He was utterly superb. The festival had, wisely, decided against giving him a mike, and despite a spirited attempt to get him up onto the stage, he chose instead to bound out into the aisle, explaining that he 'hates stages' (which might, one would think, be a slight disadvantage to an actor, but maybe theatre stages are different!)
He roared "GORDON'S ALIVE", which met with great enthusiasm from the audience, before starting to talk to us about himself and (very briefly) his book.
He told us that he has recently completed Cosmonaut training with the Russians, at the age of 79, and that we should ask him about Space. And Yetis.
He then complimented various members of the audience and spoke briefly about other actors, and the normal sort of actor's biography which is all about which other actors they know. (He then mentioned Kenneth Branagh, saying that they have a father/son relations where Ken is the father, before deciding to give us a bit of Shakespeare, so declaimed the glorious Chorus's speech from Henry V, which starts "O for a muse of fire..."
It was superb, and made me regret again that I didn't learn that he was performing King Lear, last year, until after the entire run was sold out. I've never seen him perform live - although his performance as Exeter in the Ken Branagh Henry V is memorable (Even if the sight of Brian Blessed in full armour on a war horse makes the outcome of battle of Agincourt seem more like a foregone conclusion and less like a forlorn hope)
And then... there were anecdotes about the different places and circumstances in which he has been asked to do the 'GORDON'S ALIVE' thing.. I'm sure that normal actors get asked to quote from their most famous performances, probably in the street, or at restaurants. BRIAN BLESSED, it seems, gets asked in slightly different situations. You know, by Masai warriors half way up Kilimanjaro, by the Queen, at Buckingham Palace, by the Prime Minister, in the Cabinet Room, or (my personal favourite) by the captain of the Russian submarine which has unexpectedly surfaced through the ice near the North Pole!
Then he spoke about his background - he was the son of a coal-miner, and left school at 14 after his father was injured.

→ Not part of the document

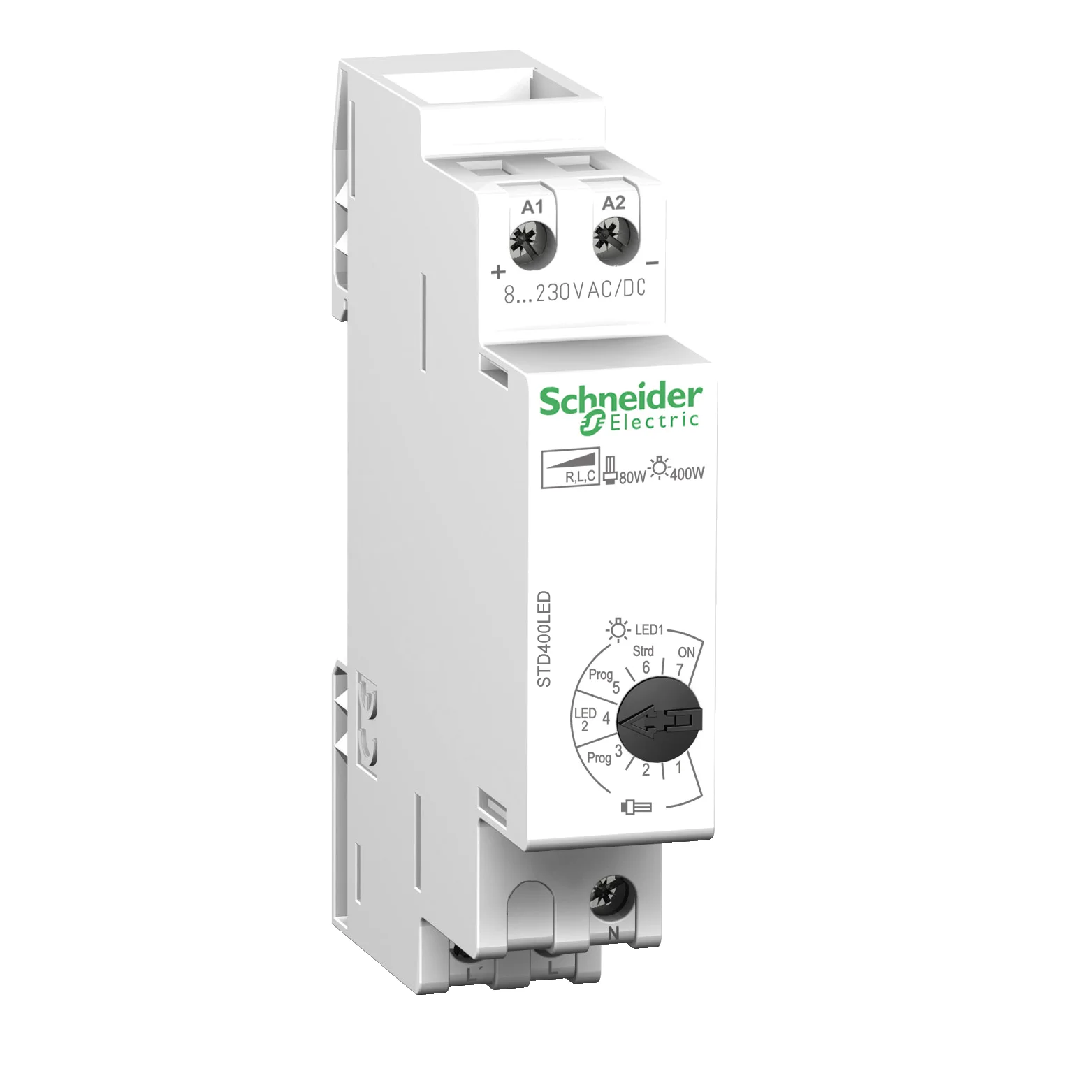 Schneider Electric Merlin Gerin Acti 9 Cctdd20016 Std400Led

He spoke several times about having not been to grammar school, and having been in a 'C Class' (I assume as opposed to an 'A', top stream), and seemed to have a great sense of astonishment and appreciation that he has come so far, and had such an interesting life.
He talked about having been friendly, as a young man, with Patrick Stewart - they were both involved with amateur theatre before turning professional, and about how they both applied to go to Drama School, but that he did not expect to be able to attend, being just a 'class C' lad, who had left school at 14 and had no scholarships.

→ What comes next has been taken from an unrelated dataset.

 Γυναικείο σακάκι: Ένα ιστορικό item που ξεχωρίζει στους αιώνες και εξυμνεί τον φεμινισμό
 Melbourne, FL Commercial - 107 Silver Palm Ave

He did, of course, get into Bristol Old Vic theatre school, and they provided him with a scholarship, so (after a stint of National Service, in the parachute regiment (74 jumps)) he arrived in Bristol.. where, among other things, he went jogging naked with Peter O'Toole. (no, we didn't get an explanation as to *why* they were jogging naked..

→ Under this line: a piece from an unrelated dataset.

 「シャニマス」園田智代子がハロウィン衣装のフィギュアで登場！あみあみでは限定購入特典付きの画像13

A little later he talked about his time at the National Theatre (not, I think, a fan of the building. He described it as being 'like Colditz'.) And about hiding in a cupboard and jumping out at John Geilgud. As one does.
And about filming the Flash Gordon, and playing Vultan, and being told, gently, by the director that it was not necessary to add one's own *pew* *pew* *pew* sound effects during attack scenes with the Hawkmen. . .
He described how his work on 'Peppa Pig' is just as popular as his more classical work..
An talked with huge enthusiasm about his involvement in the Mars project (He has been training with astronauts and other scientists), his optimism and enthusiasm for space exploration, and for the human race, and his admiration and love for Shakespeare ("The blue planet, our planet, has had it's author. It would be greedy to expect another")
It was such fun. I did have a certain amount of sympathy for the poor festival person who ha the difficult task of interrupting him and persuading him to stop talking (she did a splendid job, the event only over ran by 15 minutes)
And afterwards, he signed books, and posed for photos, and said thank you to us for buying his book.
I'm just disappointed there wasn't time for him to tell us about Yetis, or the time he punched a Polar Bear.
ETA: I just re-read this, and I can't believe I forgot to mention that he finished up the evening by telling us about the time he appeared as Pavarotti on 'Stars in their eyes' and then singing us o sole mio. On top of everything else the man can sing. Glorious!